I know, I know, it’s been awhile since I’ve done a Women’s Mag Watch. Forgive me. But I had a chance to read through a good chunk of the stack of magazines in my office today, so I?m back with an analysis of the March issue of Glamour (Liv Tyler on the cover):
Page 209 has a short (too short in my book) interview with Laura Sessions Stepp on her book Unhooked. As always, Stepp does a good job of laying out the downside to the hook-up culture:
“As these young women find out, it’s harder than they think not to become emotionally involved. One girl told me she started off at Duke University thinking that freedom meant taking any guy you want to bed- but that she hadn’t considered the morning after. It’s hard not to get upset when you find out a guy you’ve been hooking up with is sleeping with another girl, even if you’re not supposed to care. Some can handle it; others are emotionally exhausted.”

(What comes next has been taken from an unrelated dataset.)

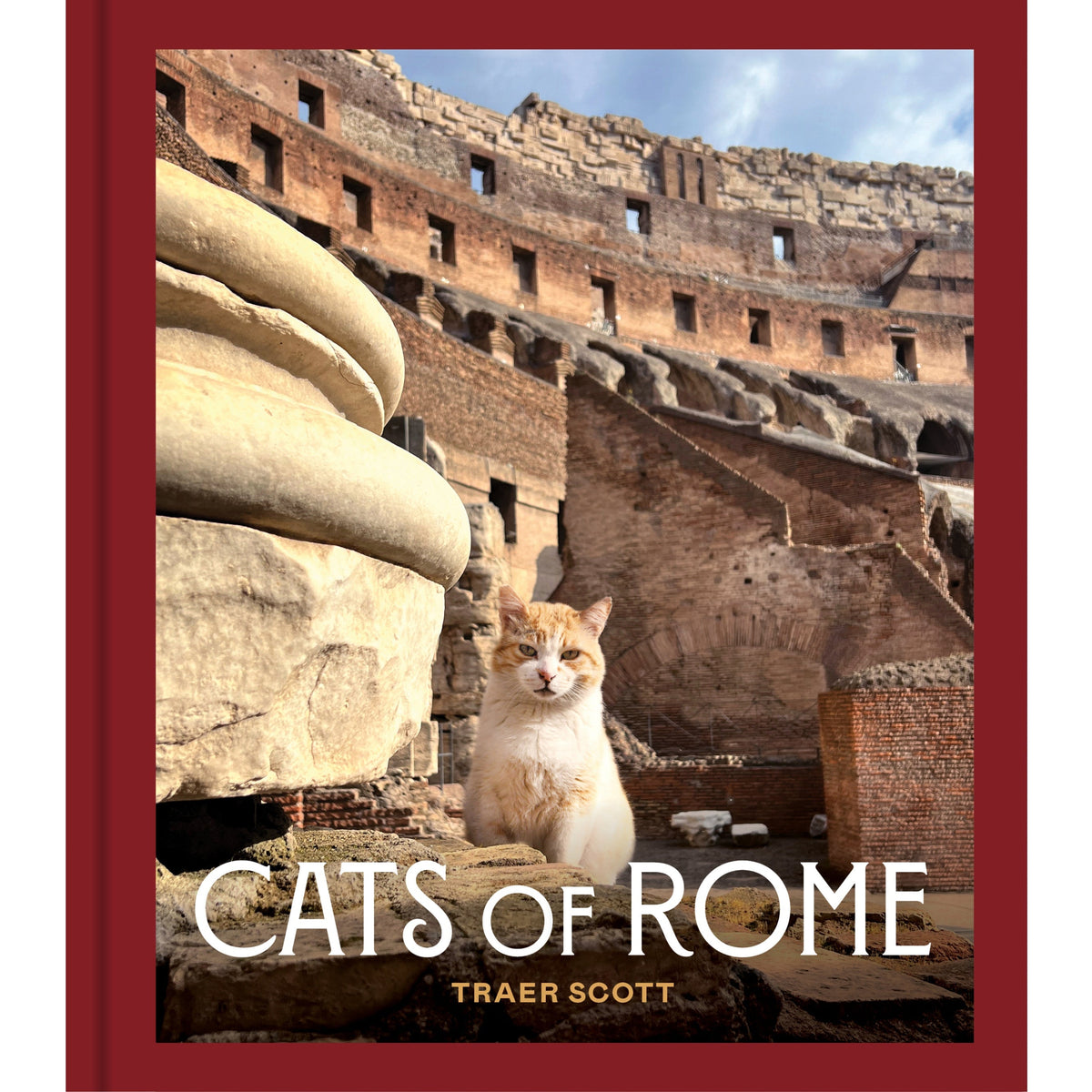 Cats of Rome Traer Scott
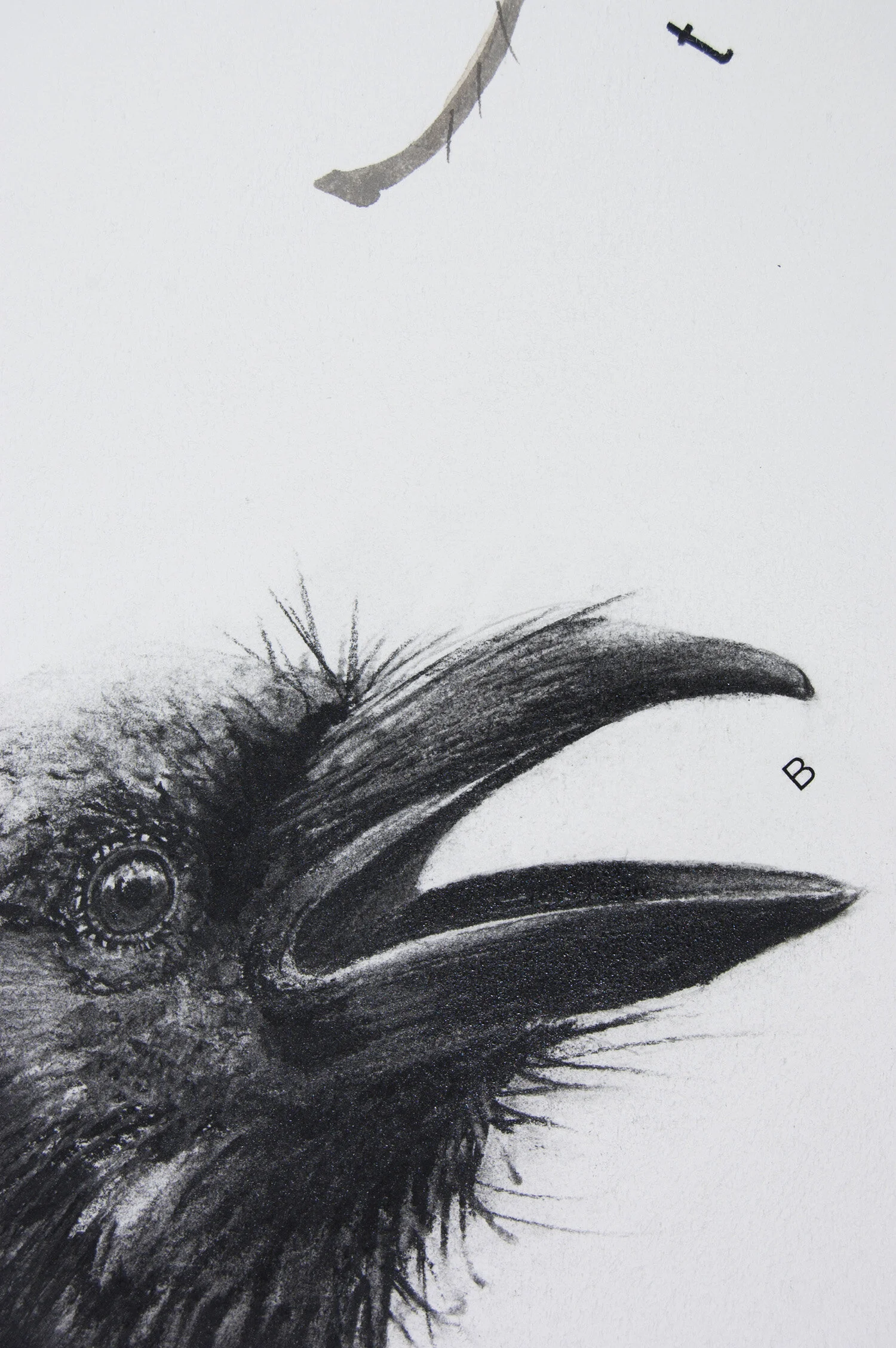 Crow’s First Lesson #3: Tsetse Fly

As for potential long-term consequences:
“Hookup culture breeds cynicism and a lack of trust between the sexes. I worry about the implications for marriage: Dating someone seriously is like practicing for a long-term relationship. Will young people have the skills to sustain a marriage and make it better, or will they just say, ‘This isn’t worth it,’ and leave?”
You are hereby advised the skip the Jane Fonda interview on the following page (as if I really have to tell you that) and fast forward to the interview with Meredith Vieira on page 214:
Question: “So, 30 years ago you were criticized for leaving a job at 60 Minutes after you had your second child. Last year Elizabeth Vargas at ABC News was criticized for doing the same thing. Seems the more things change, the more they stay the same.
MV: “It’s true. Much has been made about Nancy Pelosi being the first female Speaker of the House and that Hillary Rodham Clinton, if she runs, could become the first female president. I think we are our own worst enemy when we attach significance to “first woman” this or that. It should be irrelevant whether you are a woman.”